### Short web captions
______
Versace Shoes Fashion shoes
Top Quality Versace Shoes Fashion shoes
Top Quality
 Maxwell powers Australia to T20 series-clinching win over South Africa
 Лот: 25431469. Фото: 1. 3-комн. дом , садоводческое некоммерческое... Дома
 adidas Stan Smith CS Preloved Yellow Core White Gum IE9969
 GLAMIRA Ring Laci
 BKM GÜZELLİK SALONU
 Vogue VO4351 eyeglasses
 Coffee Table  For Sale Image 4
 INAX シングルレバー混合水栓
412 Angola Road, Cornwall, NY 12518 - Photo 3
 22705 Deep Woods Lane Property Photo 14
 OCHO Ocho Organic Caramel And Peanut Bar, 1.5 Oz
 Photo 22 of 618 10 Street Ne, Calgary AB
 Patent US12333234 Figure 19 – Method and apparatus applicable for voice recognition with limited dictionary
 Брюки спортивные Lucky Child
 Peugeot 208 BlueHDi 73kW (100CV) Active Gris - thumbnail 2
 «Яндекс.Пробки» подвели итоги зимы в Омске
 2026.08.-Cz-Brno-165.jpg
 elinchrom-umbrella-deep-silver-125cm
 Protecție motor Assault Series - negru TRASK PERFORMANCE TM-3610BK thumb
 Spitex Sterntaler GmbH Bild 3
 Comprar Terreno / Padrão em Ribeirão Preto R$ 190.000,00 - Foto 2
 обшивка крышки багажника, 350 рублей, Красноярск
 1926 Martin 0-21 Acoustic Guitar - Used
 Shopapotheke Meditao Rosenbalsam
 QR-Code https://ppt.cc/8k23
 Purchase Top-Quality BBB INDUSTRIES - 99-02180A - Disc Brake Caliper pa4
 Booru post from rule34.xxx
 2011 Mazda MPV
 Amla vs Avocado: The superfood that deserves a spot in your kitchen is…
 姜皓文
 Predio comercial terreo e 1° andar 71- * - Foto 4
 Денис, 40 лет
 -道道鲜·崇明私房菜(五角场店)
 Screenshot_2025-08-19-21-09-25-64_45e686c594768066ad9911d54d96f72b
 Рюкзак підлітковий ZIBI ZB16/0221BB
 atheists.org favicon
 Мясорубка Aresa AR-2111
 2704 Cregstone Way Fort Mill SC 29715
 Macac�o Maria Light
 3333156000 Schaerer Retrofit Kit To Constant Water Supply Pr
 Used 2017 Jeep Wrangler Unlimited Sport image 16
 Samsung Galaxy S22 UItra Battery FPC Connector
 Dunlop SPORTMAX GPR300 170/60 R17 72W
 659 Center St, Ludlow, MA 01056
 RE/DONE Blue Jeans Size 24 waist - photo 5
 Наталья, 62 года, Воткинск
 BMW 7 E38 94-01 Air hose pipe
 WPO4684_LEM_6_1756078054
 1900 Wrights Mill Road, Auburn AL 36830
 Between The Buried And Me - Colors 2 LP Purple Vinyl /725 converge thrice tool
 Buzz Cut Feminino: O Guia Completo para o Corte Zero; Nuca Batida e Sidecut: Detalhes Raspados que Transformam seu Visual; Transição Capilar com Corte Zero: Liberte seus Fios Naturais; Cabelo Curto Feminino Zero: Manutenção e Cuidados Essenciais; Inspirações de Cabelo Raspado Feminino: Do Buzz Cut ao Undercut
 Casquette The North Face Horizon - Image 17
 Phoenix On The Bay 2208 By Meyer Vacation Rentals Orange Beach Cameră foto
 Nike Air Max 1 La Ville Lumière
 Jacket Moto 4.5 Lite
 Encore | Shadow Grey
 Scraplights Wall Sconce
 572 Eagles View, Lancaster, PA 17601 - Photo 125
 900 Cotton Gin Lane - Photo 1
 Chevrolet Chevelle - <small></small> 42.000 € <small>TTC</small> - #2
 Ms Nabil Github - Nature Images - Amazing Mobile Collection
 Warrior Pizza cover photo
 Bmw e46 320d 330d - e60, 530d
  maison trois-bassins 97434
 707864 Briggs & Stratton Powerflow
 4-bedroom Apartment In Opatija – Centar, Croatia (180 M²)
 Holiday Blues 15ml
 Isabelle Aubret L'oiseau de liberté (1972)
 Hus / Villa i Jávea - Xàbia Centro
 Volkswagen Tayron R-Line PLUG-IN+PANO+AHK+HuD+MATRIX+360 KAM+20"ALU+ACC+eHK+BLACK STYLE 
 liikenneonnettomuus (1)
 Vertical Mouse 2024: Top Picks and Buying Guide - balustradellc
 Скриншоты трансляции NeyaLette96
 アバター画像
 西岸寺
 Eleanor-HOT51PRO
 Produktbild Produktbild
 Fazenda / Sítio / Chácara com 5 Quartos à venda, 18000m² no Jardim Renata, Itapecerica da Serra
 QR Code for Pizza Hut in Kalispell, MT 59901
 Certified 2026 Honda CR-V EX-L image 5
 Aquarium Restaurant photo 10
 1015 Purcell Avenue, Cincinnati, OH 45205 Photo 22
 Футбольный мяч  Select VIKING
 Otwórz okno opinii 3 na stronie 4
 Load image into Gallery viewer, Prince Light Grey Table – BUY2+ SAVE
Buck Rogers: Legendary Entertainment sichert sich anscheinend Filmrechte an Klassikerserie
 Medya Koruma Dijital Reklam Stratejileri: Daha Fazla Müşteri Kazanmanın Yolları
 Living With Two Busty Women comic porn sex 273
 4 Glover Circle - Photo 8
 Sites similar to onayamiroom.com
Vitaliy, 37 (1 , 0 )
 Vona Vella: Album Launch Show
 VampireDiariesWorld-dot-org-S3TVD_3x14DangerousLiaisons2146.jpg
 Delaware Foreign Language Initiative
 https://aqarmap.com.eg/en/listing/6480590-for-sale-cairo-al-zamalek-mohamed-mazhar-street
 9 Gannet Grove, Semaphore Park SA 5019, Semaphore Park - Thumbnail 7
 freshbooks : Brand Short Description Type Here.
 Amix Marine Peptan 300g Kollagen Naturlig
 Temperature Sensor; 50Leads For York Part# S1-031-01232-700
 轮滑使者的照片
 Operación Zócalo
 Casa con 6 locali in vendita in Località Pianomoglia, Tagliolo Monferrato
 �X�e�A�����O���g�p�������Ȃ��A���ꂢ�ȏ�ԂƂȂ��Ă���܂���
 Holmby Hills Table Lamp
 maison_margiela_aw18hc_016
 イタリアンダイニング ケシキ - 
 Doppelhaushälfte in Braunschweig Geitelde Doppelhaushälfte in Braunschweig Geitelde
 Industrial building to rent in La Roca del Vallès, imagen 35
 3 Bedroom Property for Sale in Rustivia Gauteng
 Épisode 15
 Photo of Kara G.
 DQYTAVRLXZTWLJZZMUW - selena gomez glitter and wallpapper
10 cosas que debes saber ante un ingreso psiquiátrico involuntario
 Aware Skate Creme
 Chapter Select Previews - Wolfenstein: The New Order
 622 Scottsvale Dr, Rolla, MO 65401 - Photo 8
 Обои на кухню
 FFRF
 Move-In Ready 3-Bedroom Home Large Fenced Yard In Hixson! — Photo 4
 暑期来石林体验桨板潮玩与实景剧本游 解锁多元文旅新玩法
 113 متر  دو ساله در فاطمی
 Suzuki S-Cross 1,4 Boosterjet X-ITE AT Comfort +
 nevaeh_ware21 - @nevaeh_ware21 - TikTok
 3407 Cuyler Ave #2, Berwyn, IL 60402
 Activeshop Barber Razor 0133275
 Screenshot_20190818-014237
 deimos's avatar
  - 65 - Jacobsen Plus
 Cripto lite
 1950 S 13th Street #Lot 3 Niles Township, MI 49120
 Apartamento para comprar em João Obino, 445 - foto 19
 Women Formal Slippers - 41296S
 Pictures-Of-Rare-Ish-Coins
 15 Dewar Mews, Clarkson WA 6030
______
### What is required
From the records above, count the lines that contain "Versace". Only the number should be written.

### Exercise answer
2